There is a lot of uncertainty in the world, but surely we can rely on our senses to accurately tell us about our own body, right? Not a day goes by that my veins don't look blue, but they actually aren't. Why?
Debunking an old myth
The body contains arteries and veins. Arteries are responsible for transporting oxygenated blood from the heart to other organs. Once the oxygen is delivered, the deoxygenated blood travels back to the lungs and heart through veins. Because our veins look blue, a popular myth is that deoxygenated blood is blue.
While the argument sounds like it makes sense, a closer look reveals that this is not the case. Blood actually gets its red color from hemoglobin, the protein that carries oxygen through the body. With oxygen bound to the hemoglobin, the blood has a vibrant red hue. Once the oxygen is removed from the blood, it becomes a dark red color. Basically, hemoglobin is what makes blood red, oxygen only changes the shade of red.

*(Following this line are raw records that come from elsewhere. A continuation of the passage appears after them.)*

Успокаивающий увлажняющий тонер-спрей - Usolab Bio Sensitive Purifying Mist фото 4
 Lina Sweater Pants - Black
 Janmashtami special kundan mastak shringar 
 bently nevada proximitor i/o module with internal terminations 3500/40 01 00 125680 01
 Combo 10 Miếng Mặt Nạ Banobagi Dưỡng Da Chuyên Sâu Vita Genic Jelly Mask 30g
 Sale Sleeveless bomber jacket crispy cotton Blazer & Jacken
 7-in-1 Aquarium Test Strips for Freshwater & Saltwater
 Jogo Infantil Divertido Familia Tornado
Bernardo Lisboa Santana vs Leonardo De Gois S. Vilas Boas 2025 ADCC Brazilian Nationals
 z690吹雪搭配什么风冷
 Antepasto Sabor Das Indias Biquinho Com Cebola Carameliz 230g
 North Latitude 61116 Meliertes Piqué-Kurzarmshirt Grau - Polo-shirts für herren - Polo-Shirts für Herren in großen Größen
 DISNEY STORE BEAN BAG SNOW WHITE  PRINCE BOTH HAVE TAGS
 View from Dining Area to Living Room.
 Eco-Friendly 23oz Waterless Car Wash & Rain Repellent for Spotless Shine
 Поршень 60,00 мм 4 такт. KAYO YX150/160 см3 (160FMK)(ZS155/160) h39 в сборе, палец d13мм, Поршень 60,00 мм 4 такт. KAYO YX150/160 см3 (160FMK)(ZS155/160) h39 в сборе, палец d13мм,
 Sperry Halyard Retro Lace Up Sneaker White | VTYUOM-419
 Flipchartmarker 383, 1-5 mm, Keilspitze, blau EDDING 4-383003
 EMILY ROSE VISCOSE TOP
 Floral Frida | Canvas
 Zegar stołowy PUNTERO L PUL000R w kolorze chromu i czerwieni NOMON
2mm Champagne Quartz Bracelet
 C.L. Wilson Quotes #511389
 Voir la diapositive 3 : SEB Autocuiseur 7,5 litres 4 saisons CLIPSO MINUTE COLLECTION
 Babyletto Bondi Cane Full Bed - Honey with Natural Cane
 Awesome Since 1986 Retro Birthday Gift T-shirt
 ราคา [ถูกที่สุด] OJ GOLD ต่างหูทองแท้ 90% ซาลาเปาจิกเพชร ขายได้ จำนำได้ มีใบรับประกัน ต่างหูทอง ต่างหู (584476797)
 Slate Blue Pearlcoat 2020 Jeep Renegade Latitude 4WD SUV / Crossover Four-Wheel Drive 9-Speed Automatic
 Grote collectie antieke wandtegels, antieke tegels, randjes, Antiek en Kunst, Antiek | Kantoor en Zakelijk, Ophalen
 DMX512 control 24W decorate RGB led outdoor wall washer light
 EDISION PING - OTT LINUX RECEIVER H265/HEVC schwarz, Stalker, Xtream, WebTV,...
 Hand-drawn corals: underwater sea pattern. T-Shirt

So if dark red blood is traveling through veins, then why do they look blue to us?
In the body there is a layer of fat - called subcutaneous fat - which sits below the skin and above the veins. This means any outside light (e.g. sunlight) that wants to reach the veins has to pass through this layer. Keeping in mind that white light is a combination of every visible wavelength (i.e. every possible color), as light passes through the skin the subcutaneous fat layer absorbs low-energy wavelengths of light (reds, oranges, etc.) while allowing high-energy wavelengths to pass right through (blues, purples). This means only the blue-biased light makes it to the veins. This light bounces off the veins and reflects back into your eyes, tricking your brain into thinking they must be blue.
Other things that can alter a vein's appearance are skin color and depth of the vein being looked at.